*AIM OF THE EXERCISE:* Copy out the listing in full, exactly as written, but not its pictures.

*DATASET SECTION:*

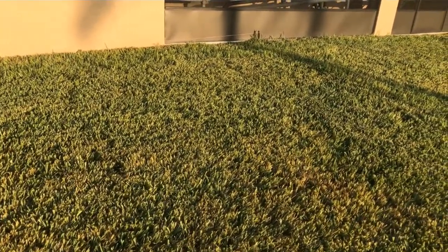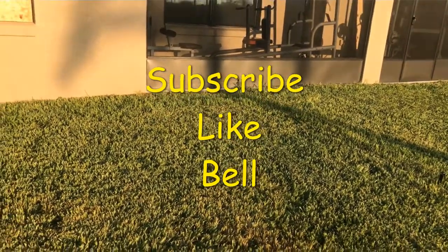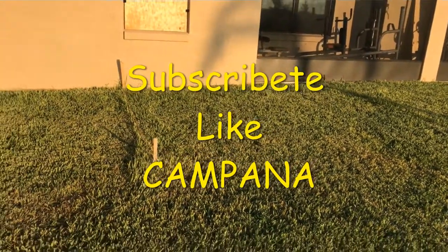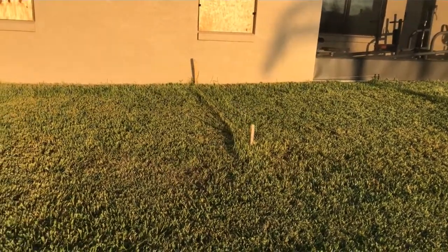Thank you for following along. Don't forget to subscribe, to hit the like button, and to hit that bell. Gracias por ver los videos. No se olvide de suscribirse, de darle like, y también darle a la campanita para que sea notificado en el futuro.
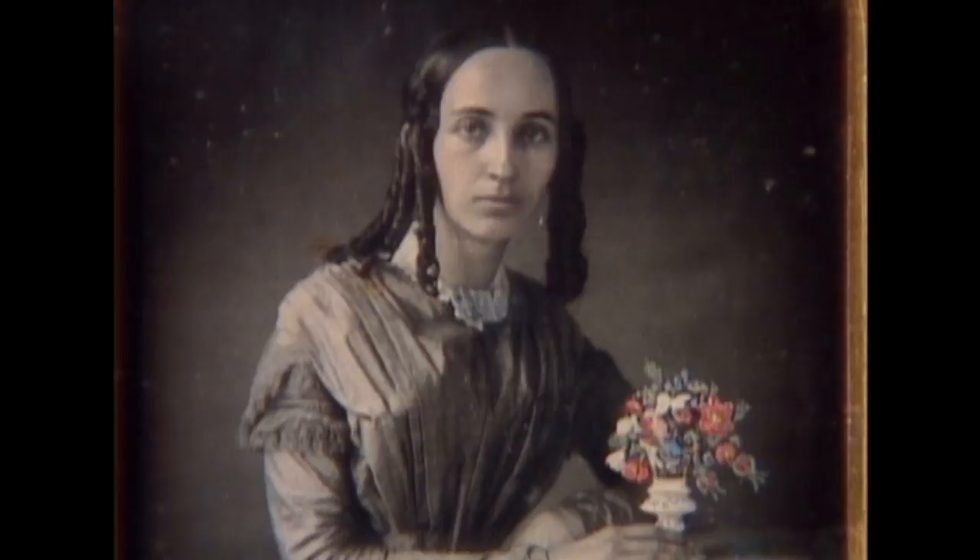Save your old daguerreotypes, for you may never see their like again. They will doubtless outlive you. — T.M. Easterly, Daguerrean Artist.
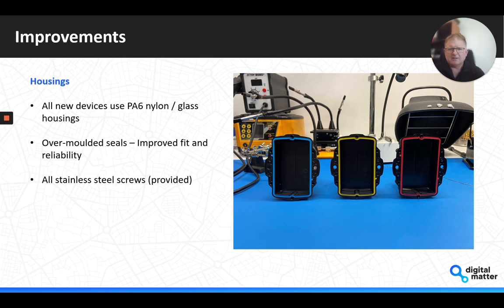The seal fills the entire channel and is bonded to the housing, so when you open the unit, you're much less likely to have the seal pop out of the channel or move — improving the reliability of the seal. We've also moved across all of our devices to using stainless steel screws. The previous galvanized screws were good, but in some environments — particularly under salty conditions — they weren't ideal.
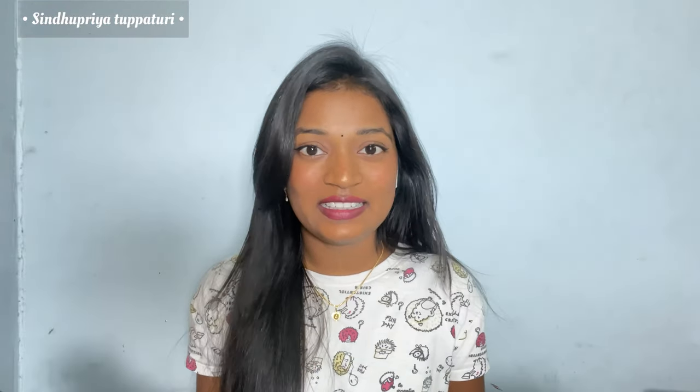Hope you all liked this video! If you liked it, give it a big thumbs up and don't forget to like, comment, share, and subscribe to Sindhu Priya Paduri. See you all in the next amazing video — until then, bye!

*ANSWER BELOW:*
Thank you for following along. Don't forget to subscribe, to hit the like button, and to hit that bell. Gracias por ver los videos. No se olvide de suscribirse, de darle like, y también darle a la campanita para que sea notificado en el futuro.
Save your old daguerreotypes, for you may never see their like again. They will doubtless outlive you. — T.M. Easterly, Daguerrean Artist.
The seal fills the entire channel and is bonded to the housing, so when you open the unit, you're much less likely to have the seal pop out of the channel or move — improving the reliability of the seal. We've also moved across all of our devices to using stainless steel screws. The previous galvanized screws were good, but in some environments — particularly under salty conditions — they weren't ideal.
Hope you all liked this video! If you liked it, give it a big thumbs up and don't forget to like, comment, share, and subscribe to Sindhu Priya Paduri. See you all in the next amazing video — until then, bye!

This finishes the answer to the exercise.